# [Requirement]
The data below should be restated word for word, with every picture omitted.

# [Given data]
──────────

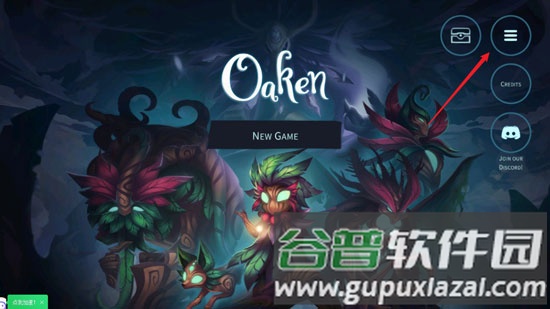 精灵与橡木之歌怎么设置中文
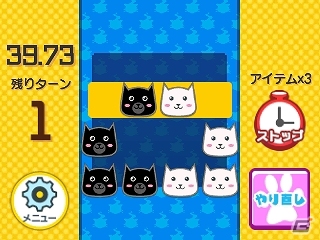 スッキリ系パズルゲーム「ニャニャントモリ」が3DS向けに配信開始！の画像3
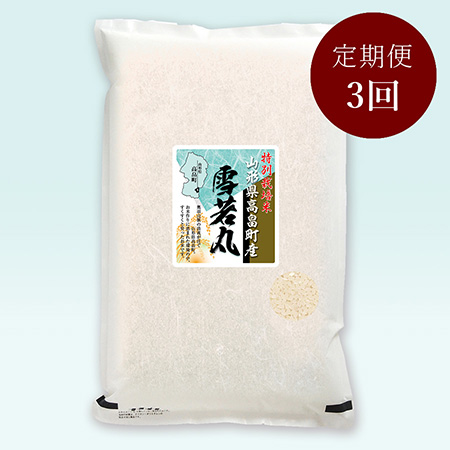 高畠町産雪若丸特別栽培米5kg 定期便3か月コース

──────────

# [Exercise output]
 精灵与橡木之歌怎么设置中文
 スッキリ系パズルゲーム「ニャニャントモリ」が3DS向けに配信開始！の画像3
 高畠町産雪若丸特別栽培米5kg 定期便3か月コース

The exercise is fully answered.